>>>>

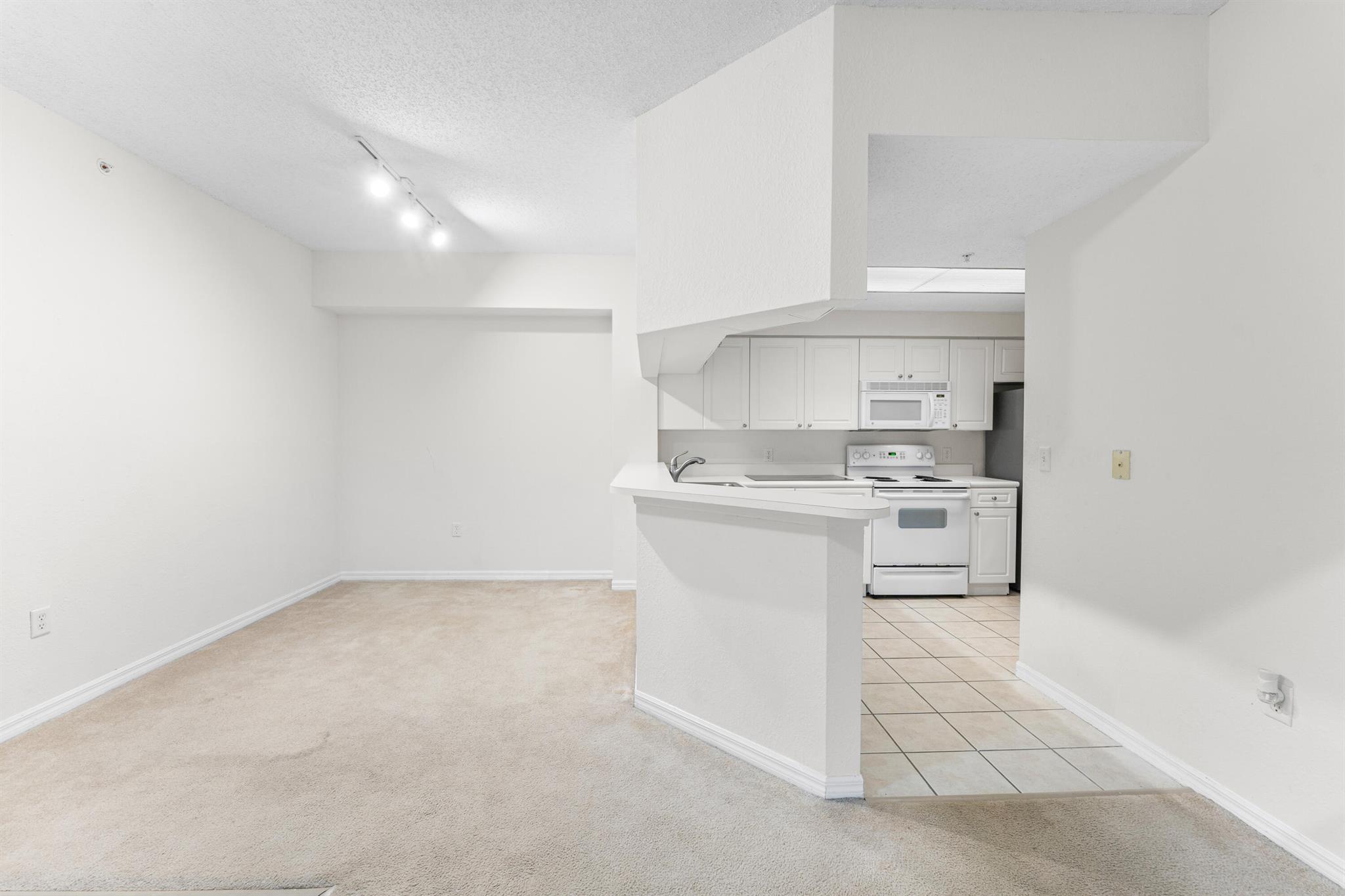 SAN MATERA THE GARDENS CO - Residential Lease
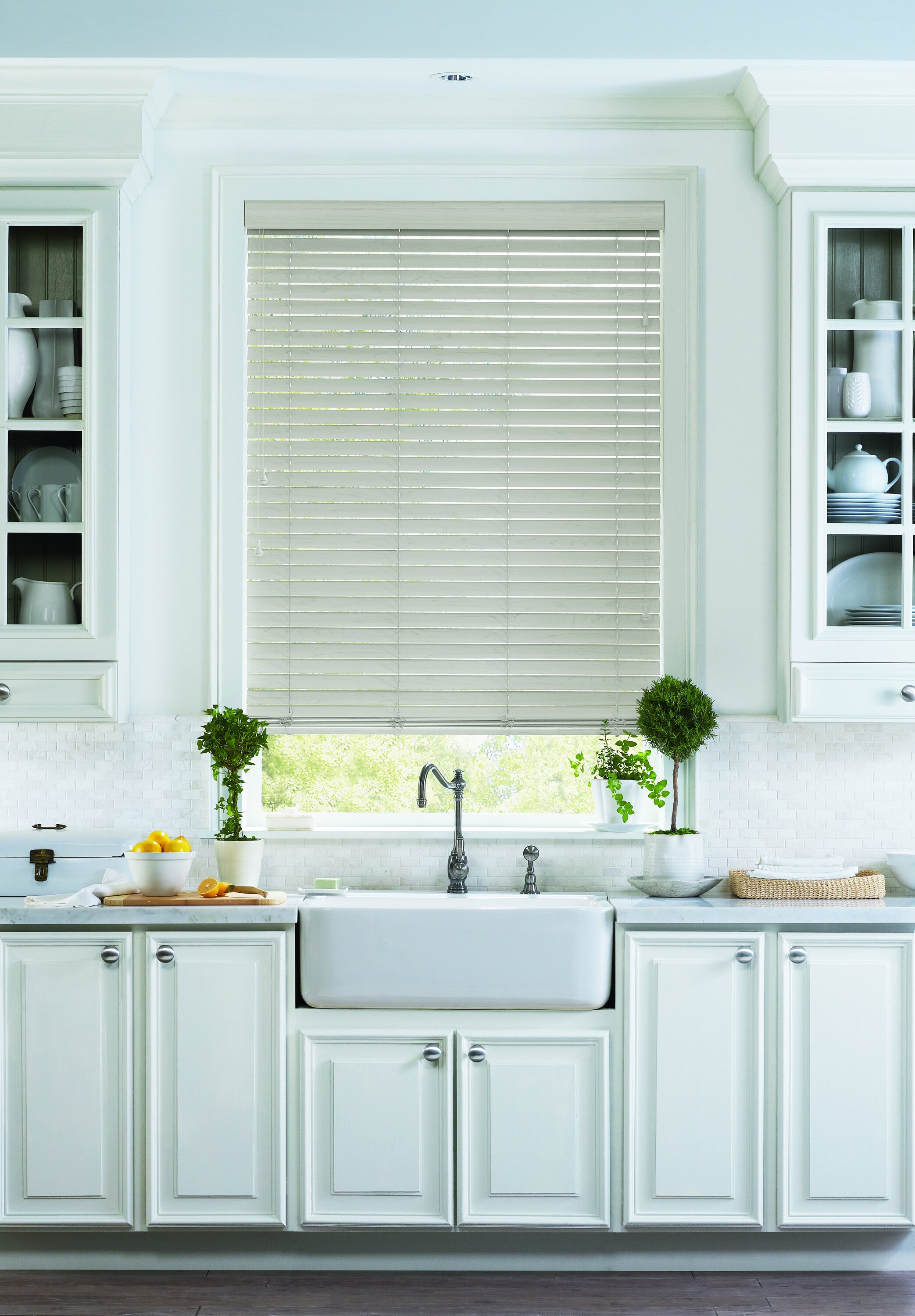  Hunter Douglas EverWood® Alternative Wood Blinds are backed by our industry-exclusive Performance Plus™ Protection which covers fading, yellowing, warping and bowing for the life of the product 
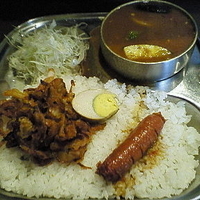 鶏肉とトマトのスープ　赤カレー　７９０円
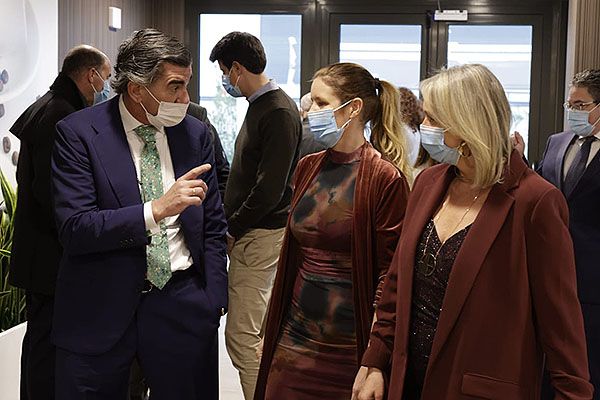 Los asistentes a la visita institucional.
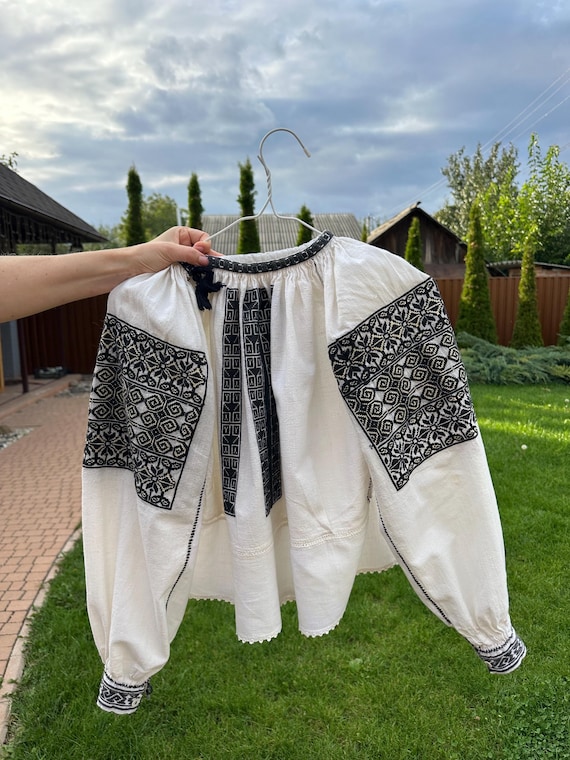 ルーマニアのブラウス刺繍入りトップスヴィンテージ衣装ヴィンテージ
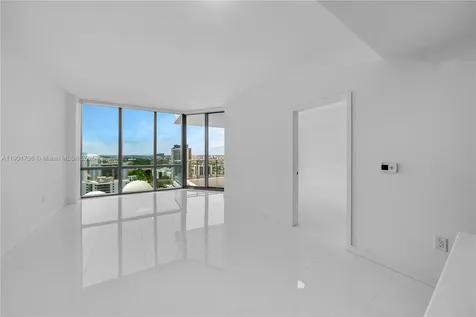 851 NE 1st Avenue Miami FL 33132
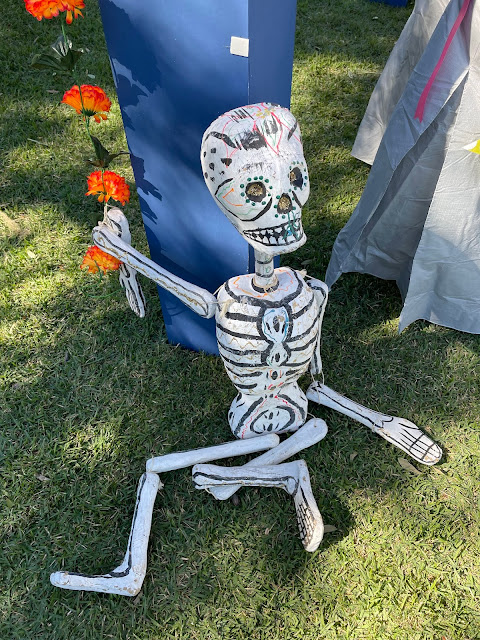 Day of the dead cookies, day of the dead altar, day of the dead bread, pan de muerto, ofrendas de pan de muerto, day of the dead decorated cookies ideas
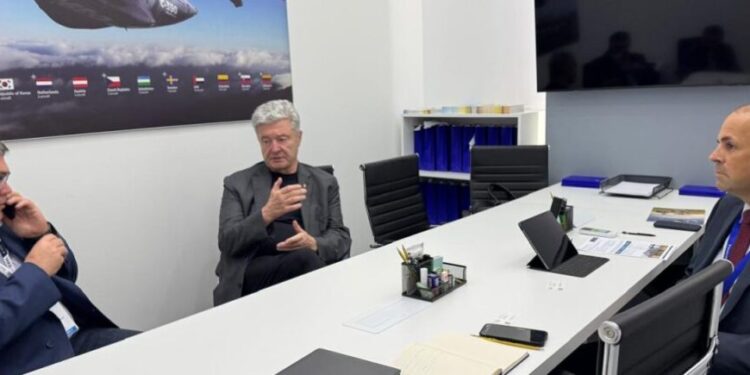 Для боротьби з дронами: Порошенко працює над постачанням штурмовиків A-29 Super Tucano 1 Для боротьби з дронами: Порошенко працює над постачанням штурмовиків A-29 Super Tucano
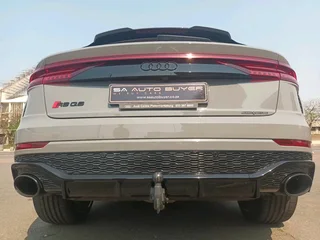 2022 Audi Q8 RS Quatro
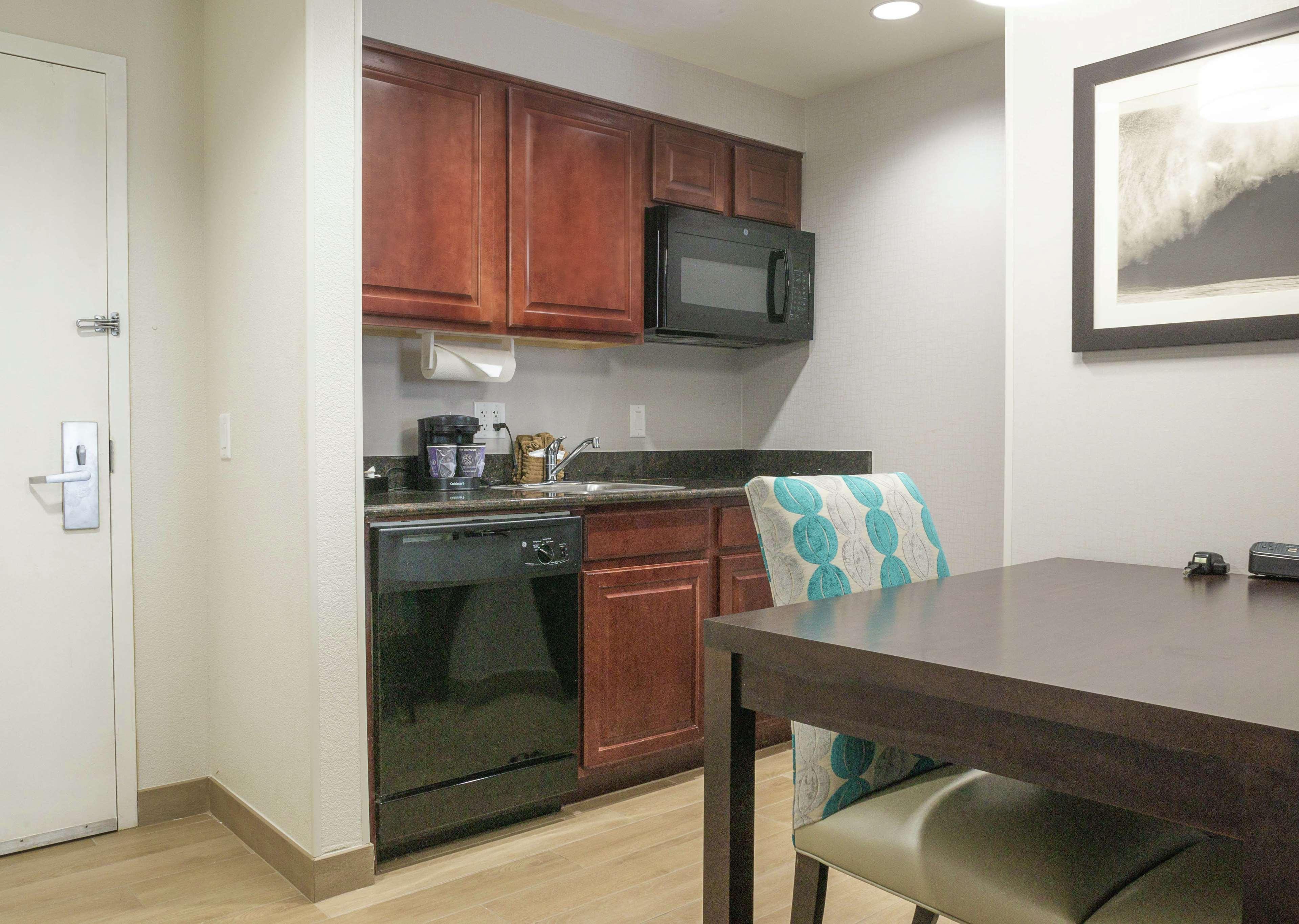 Homewood Suites By Hilton Miami - Airport West Miami Springs Esterno foto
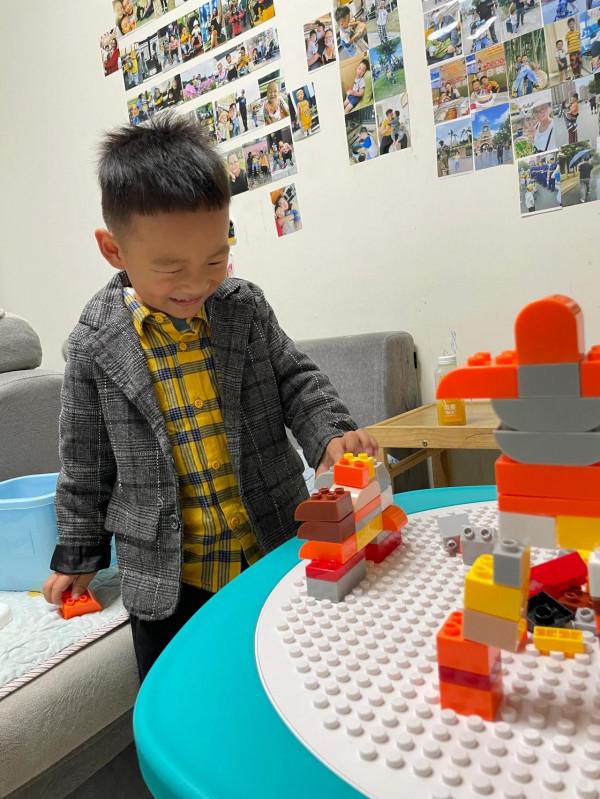 兒子脾氣很大,又咬我,又打我,又掐我,怎麼回事 兒子脾氣很大,又咬我,又打我,又掐我,怎麼回事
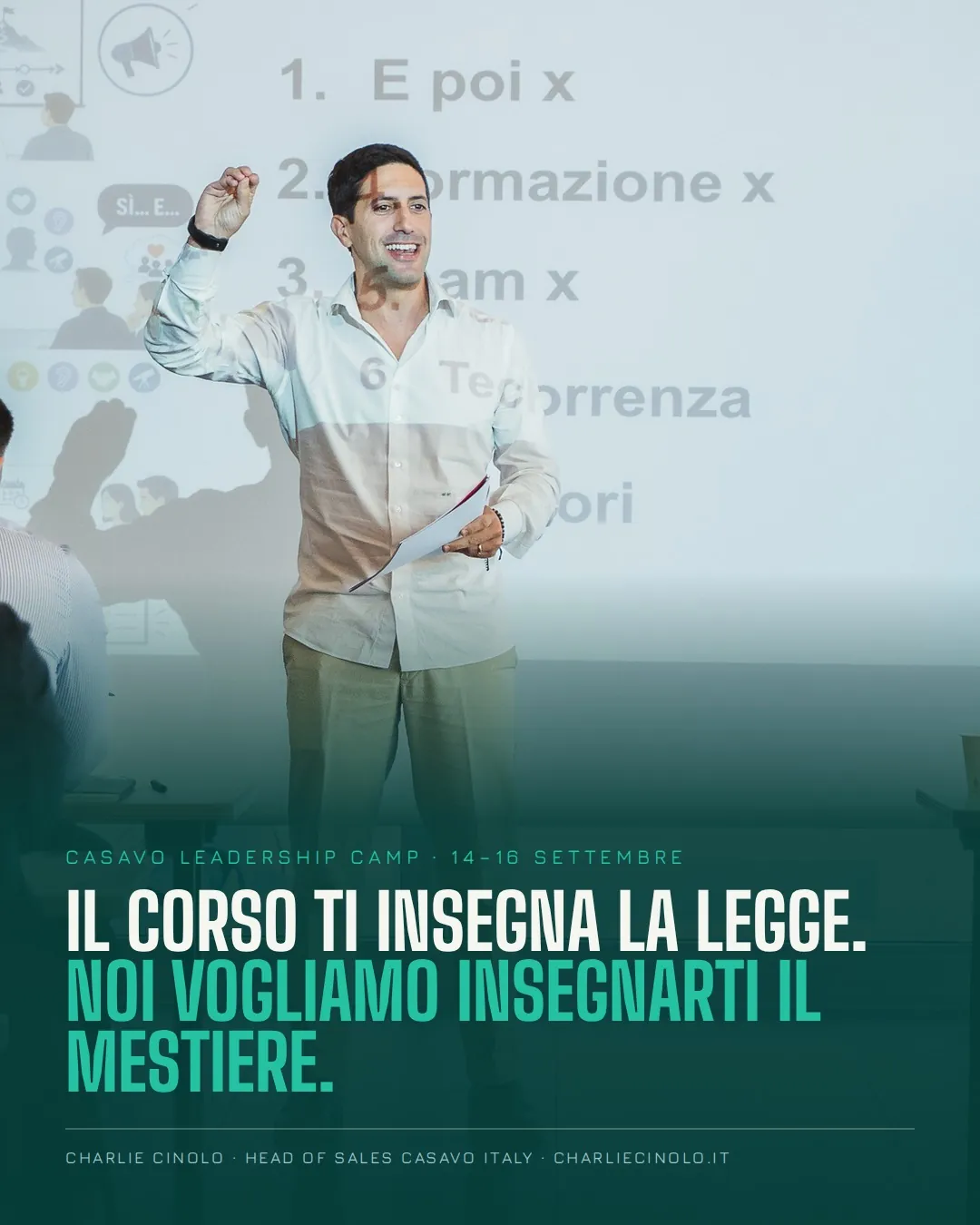 Charlie Cinolo in aula davanti a una proiezione, con il braccio alzato. Testo: Casavo Leadership Camp, 14-16 settembre. Il corso ti insegna la legge. Noi vogliamo insegnarti il mestiere.
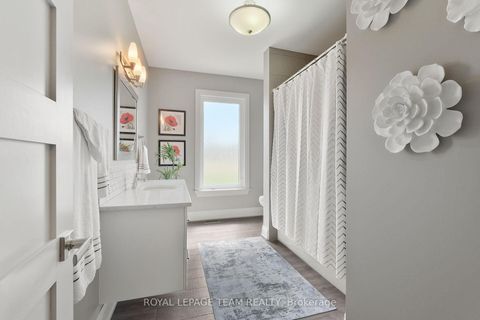 Photo 30 at 217 Shamus Way, Huntley Ward (South West), Carp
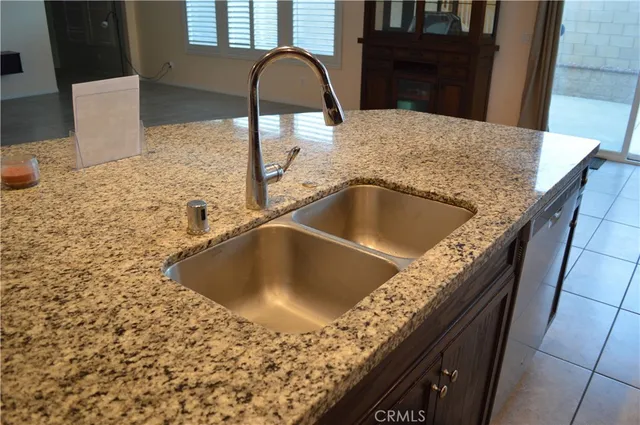 $4,000 | 17026 Schneider Street, Fontana, CA 92336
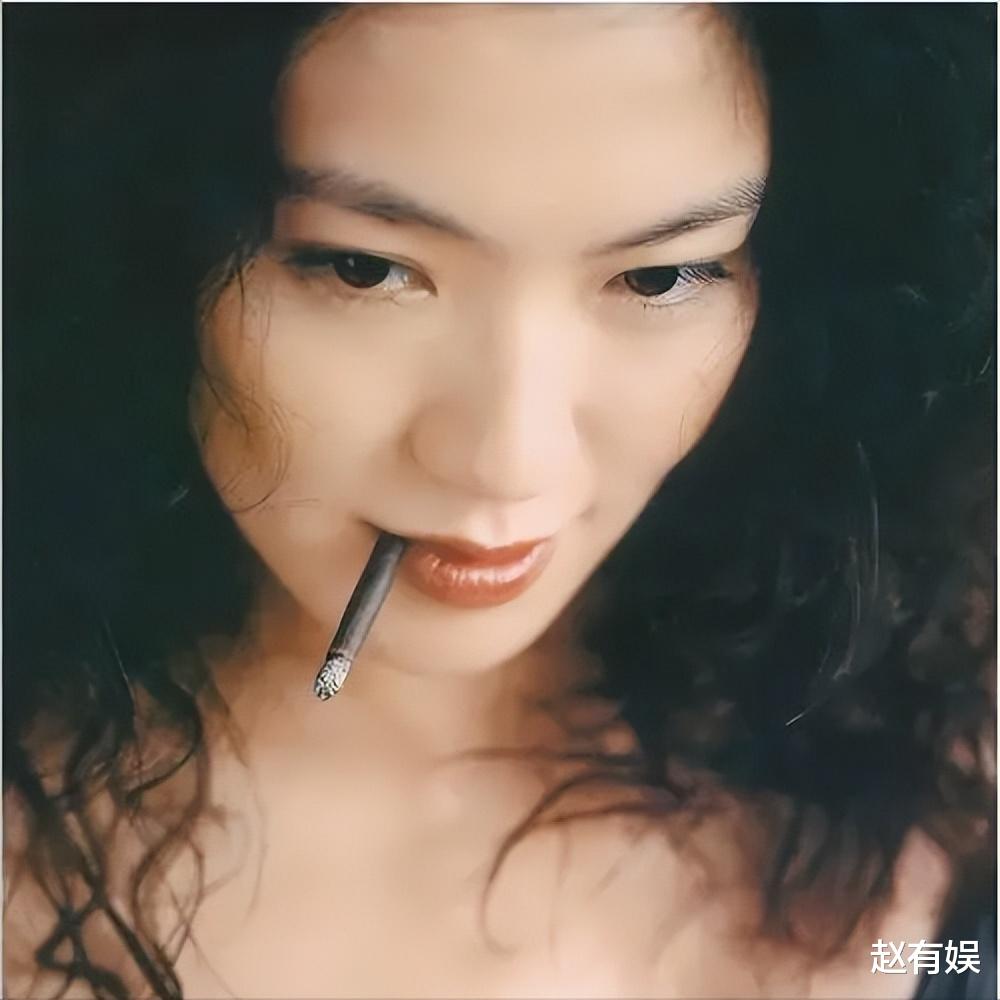 万草丛中过，片叶不沾身？与众多富豪、男星关系匪浅，却转身嫁人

<<<<

▶ **Task objective**
Reproduce each line of the records above, exactly and without pictures.

▶ **Task answer**
 SAN MATERA THE GARDENS CO - Residential Lease
  Hunter Douglas EverWood® Alternative Wood Blinds are backed by our industry-exclusive Performance Plus™ Protection which covers fading, yellowing, warping and bowing for the life of the product 
 鶏肉とトマトのスープ　赤カレー　７９０円
 Los asistentes a la visita institucional.
 ルーマニアのブラウス刺繍入りトップスヴィンテージ衣装ヴィンテージ
 851 NE 1st Avenue Miami FL 33132
 Day of the dead cookies, day of the dead altar, day of the dead bread, pan de muerto, ofrendas de pan de muerto, day of the dead decorated cookies ideas
 Для боротьби з дронами: Порошенко працює над постачанням штурмовиків A-29 Super Tucano 1 Для боротьби з дронами: Порошенко працює над постачанням штурмовиків A-29 Super Tucano
 2022 Audi Q8 RS Quatro
 Homewood Suites By Hilton Miami - Airport West Miami Springs Esterno foto
 兒子脾氣很大,又咬我,又打我,又掐我,怎麼回事 兒子脾氣很大,又咬我,又打我,又掐我,怎麼回事
 Charlie Cinolo in aula davanti a una proiezione, con il braccio alzato. Testo: Casavo Leadership Camp, 14-16 settembre. Il corso ti insegna la legge. Noi vogliamo insegnarti il mestiere.
 Photo 30 at 217 Shamus Way, Huntley Ward (South West), Carp
 $4,000 | 17026 Schneider Street, Fontana, CA 92336
 万草丛中过，片叶不沾身？与众多富豪、男星关系匪浅，却转身嫁人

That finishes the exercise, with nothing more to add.